Esse trabalho contém a classificação botânica e descreve, por exemplo, as técnicas de cultura, as partes próprias para uso, a composição química, o emprego em diversas moléstias, as doses e os usos industriais de plantas brasileiras. Estas duas últimas obras são ainda hoje citadas em virtude de sua amplitude. Nelas, a participação de Gustavo foi essencial, com sua inegável competência na área em que seu pai era notável pesquisador. Algumas dessas pesquisas foram desenvolvidas em laboratórios na Alemanha.
Em 28 de outubro de 1911, sentindo-se cansado, Theodoro registrou em cartório a venda da Farmácia Peckolt, em Cantagalo, para seu filho Gustavo. Após 1914, os historiadores e biógrafos de Theodoro não encontraram mais indícios dessa farmácia.
Mas a família de gênios da farmácia e da pesquisa farmacêutica ainda pode contar com a contribuição de um neto de Theodoro Peckolt: Oswaldo Lazarini Peckolt, farmacêutico e pesquisador, provavelmente nascido em Cantagalo.
A longevidade do clã Peckolt, na farmácia e na análise de plantas medicinais brasileiras, pode ser comprovada através dos trabalhos de seu filho Gustavo e posteriormente de seu neto Oswaldo Lazarini Peckolt. Este último trabalhou na revisão feita em 1936 da Farmacopeia brasileira, trabalho de Rodolpho Albino, farmacêutico natural de Cantagalo, que havia sido publicada quase dez anos antes (1928). Destacou-se nas áreas de farmacobotânica e fitoquímica; chefiou a Seção de Ensaios Biológicos e Controle do Instituto Oswaldo Cruz, e, assim como o avô, foi membro de várias instituições internacionais. Em 1942, essa comissão foi substituída, pois o interesse do período estava voltado para os medicamentos sintéticos e para a alopatia, e só em 1952 saiu a primeira publicação da segunda Farmacopeia brasileira. Nessa segunda farmacopeia, as 138 plantas que constavam da primeira reduziram-se a dez.

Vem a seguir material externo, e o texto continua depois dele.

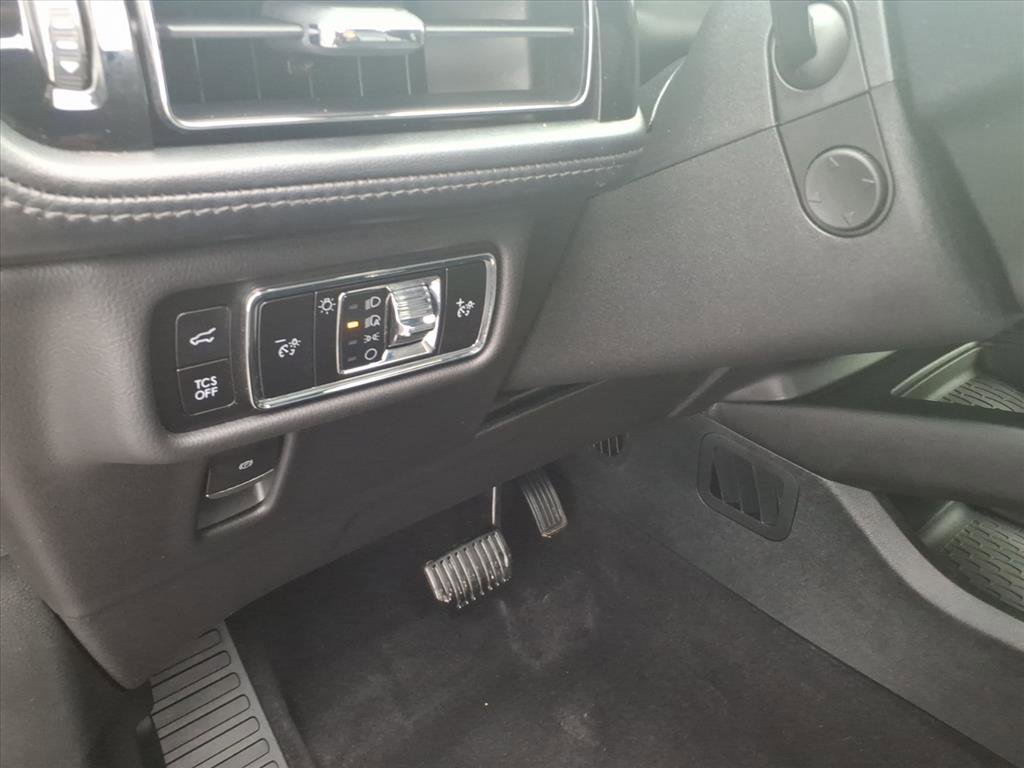 Certified 2023 Lincoln Nautilus Reserve w/ Monochromatic Package image 13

Do extenso trabalho da professora e pesquisadora Nadja Paraense dos Santos, podemos constatar que as cerca de três mil plantas estudadas pelos Peckolt foram relegadas ao quase total esquecimento no meio científico. Ainda hoje no Brasil são raros os trabalhos de pesquisa associando antropologia e farmacologia. O descaso brasileiro abre caminho para a biopirataria, o roubo de plantas e animais, levando a patentes no exterior de remédios pelos quais os brasileiros terão de pagar caro. Conforme já nos dizia Peckolt, em 1888:
Ao publicarmos o resultado dos nossos estudos, não é nosso intuito apresentar a última palavra sobre tudo o que se refere aos vegetais indígenas e exóticos aclimatados entre nós; mas unicamente fornecer um ponto de partida para trabalhos de maior fôlego, que tenham o poder de significar que os médicos e farmacêuticos brasileiros compreendam que não lhes é lícito conservar-se inativos, concorrendo, assim, para que continuem a ser feitas no estrangeiro a maior parte das investigações sobre a Flora Brasileira.
Essa é uma pequena homenagem ao brasileiro e cantagalense adotivo, assim como aos seus filhos cantagalenses, Gustavo e Oswaldo, que nos legou uma inegável obra científica, ainda não integralmente estudada, mas que nos relembra os tempos em que Cantagalo era referência socioeconômica para o Império brasileiro, em várias áreas do conhecimento.